Parameters:: param_group_modifier_config (noether.core.optimizer.schemas.ParamGroupModifierConfig)

scale¶

name¶

param_was_found = False¶

get_properties(model, name, param)¶

This method is called with all items of model.named_parameters() to compose the parameter groups for the whole model. If the desired parameter name is found, it returns a modifier that scales down the learning rate.

Parameters:

model (torch.nn.Module) – Model from which the parameter originates from. Used to extract properties (e.g., number of layers for a layerwise learning rate decay).
name (str) – Name of the parameter as stored inside the model.
param (torch.Tensor) – The parameter tensor.

Return type:

dict[str, float]

was_applied_successfully()¶

Check if the parameter was found within the model.

Return type:: bool

class noether.core.optimizer.ParamGroupModifierBase¶

Generic implementation to change properties of optimizer parameter groups.

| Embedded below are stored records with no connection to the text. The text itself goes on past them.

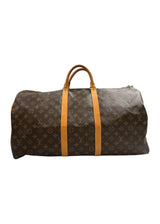 LOUIS VUITTON KEEPALL 55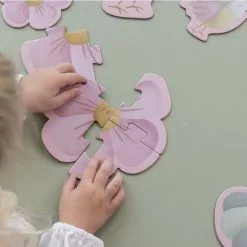 Little Dutch LD Shape Puzzle Toys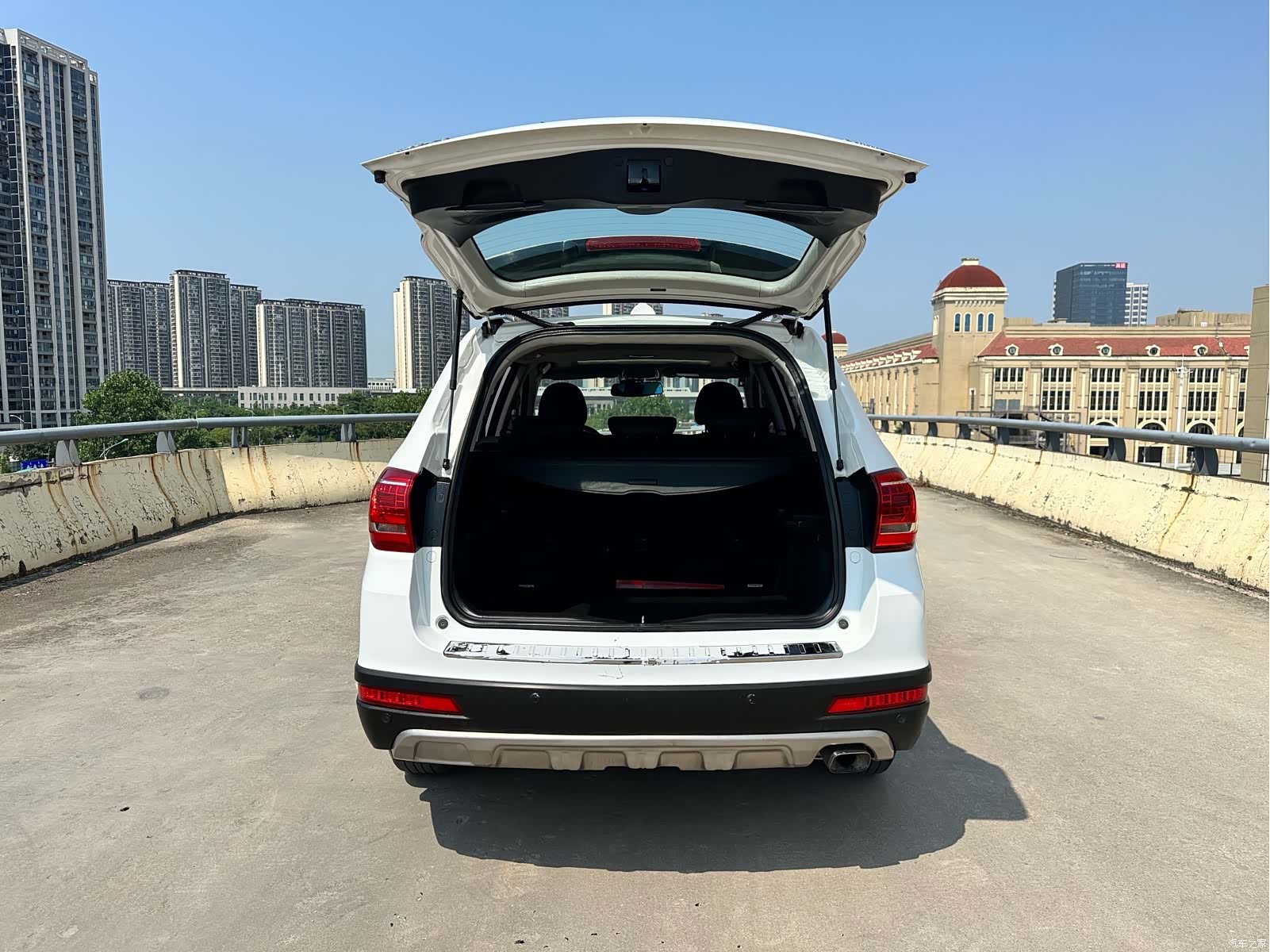 Haval H6, 2016 13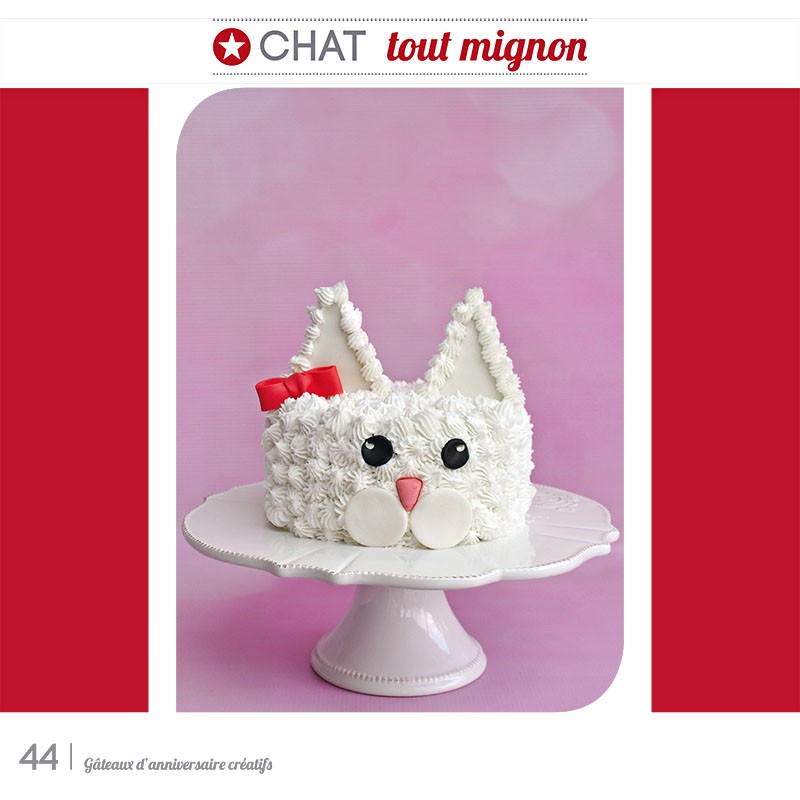 Gâteaux d'anniversaire créatifs - Image 4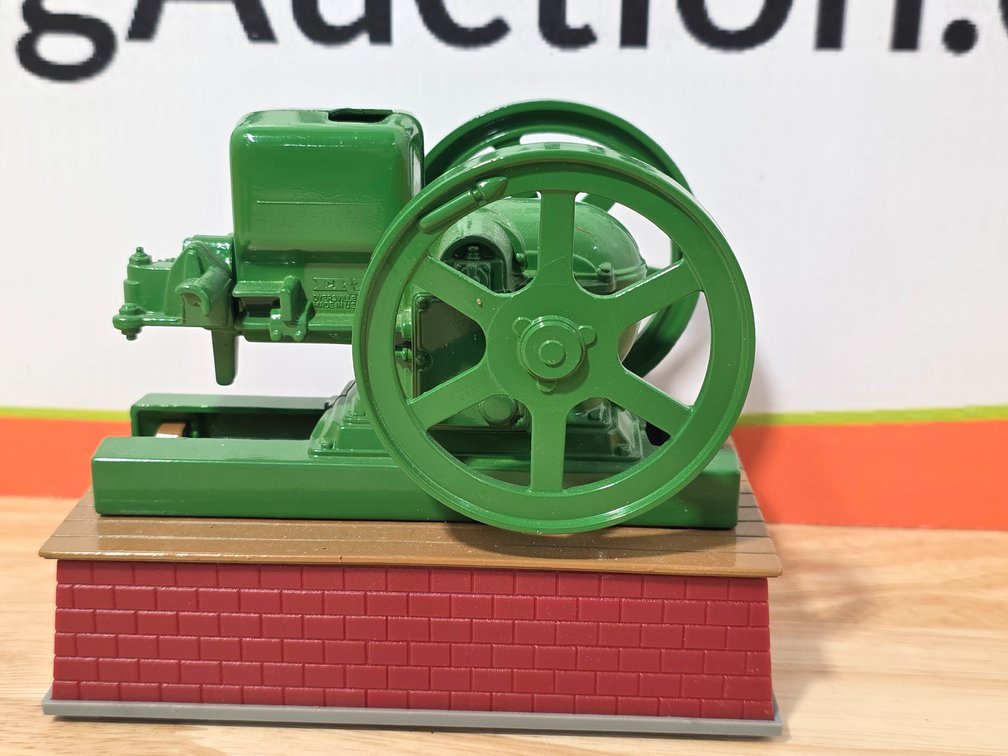 Erytl Die Cast Engine - Battery Operated - Worked When Tested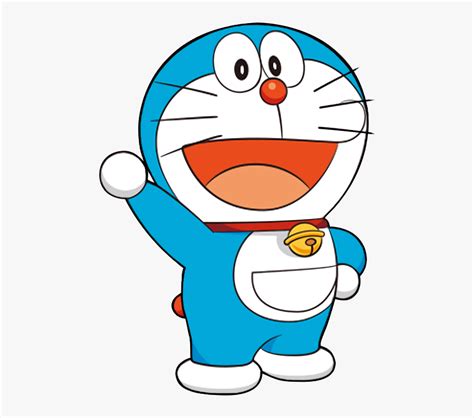 Doraemon Renderimproved Doraemon Main Characters Hd Png Download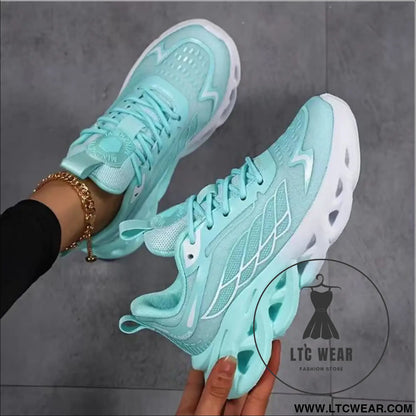 Casual Lightweight Breathable Running Shoes Sport Sneakers - L.T.C Wear Online Fashion Store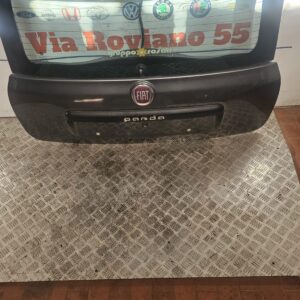 portellone fiat panda mod 312 2012-2024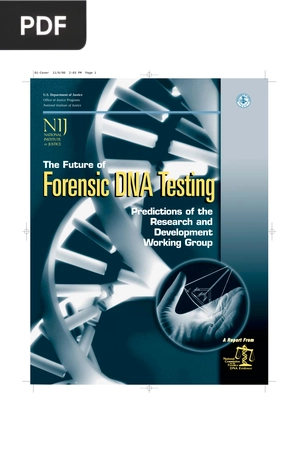 The Future of Forensic DNA Testing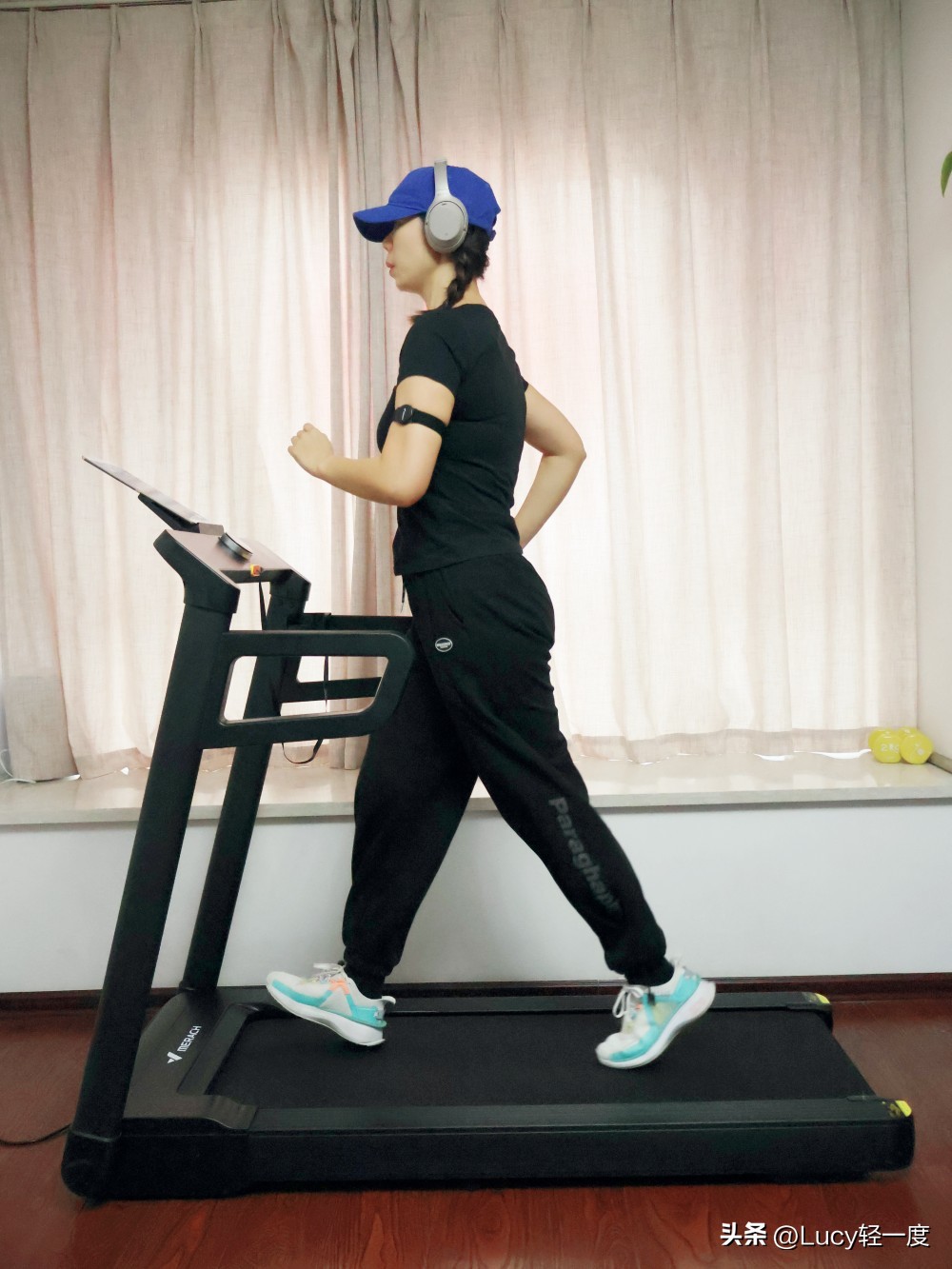 阳康后在跑步机上走路算运动吗,阳康后可以跑步机慢走吗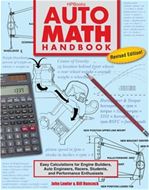 Auto Math Handbook HP1554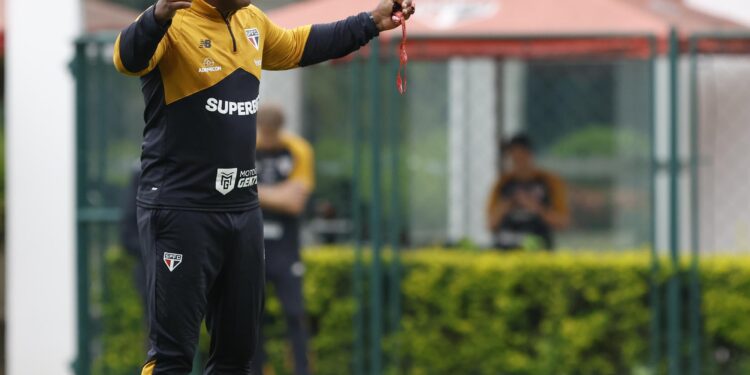 São Paulo Roger Machado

abstractmethod get_properties(model, name, param)¶

Returns the modified properties for a given model parameter. This method is called with all items of model.named_parameters() to compose the parameter groups for the whole model.

Parameters:

model (torch.nn.Module) – Model from which the parameter originates from. Used to extract properties (e.g., number of layers for a layerwise learning rate decay).
name (str) – Name of the parameter as stored inside the model.
param (torch.Tensor) – The parameter tensor.

Return type:

dict[str, float]

abstractmethod was_applied_successfully()¶

Checks if the parameter group modifier was applied successfully.

Return type:: bool

class noether.core.optimizer.WeightDecayByNameModifier(param_group_modifier_config)¶

Bases: noether.core.optimizer.param_group_modifiers.base.ParamGroupModifierBase

Changes the weight decay value for a single parameter. Use-cases: - ViT exclude CLS token parameters - Transformer learned positional embeddings - Learnable query tokens for cross attention (“PerceiverPooling”)

Parameters:: param_group_modifier_config (noether.core.optimizer.schemas.ParamGroupModifierConfig)

name¶

value¶

param_was_found = False¶

get_properties(model, name, param)¶

Parameters:

model (torch.nn.Module) – Model from which the parameter originates from. Used to extract properties (e.g., number of layers for a layerwise learning rate decay).
name (str) – Name of the parameter as stored inside the model.
param (torch.Tensor) – The parameter tensor.

Return type:

dict[str, float]

was_applied_successfully()¶: Check if the parameter was found within the model.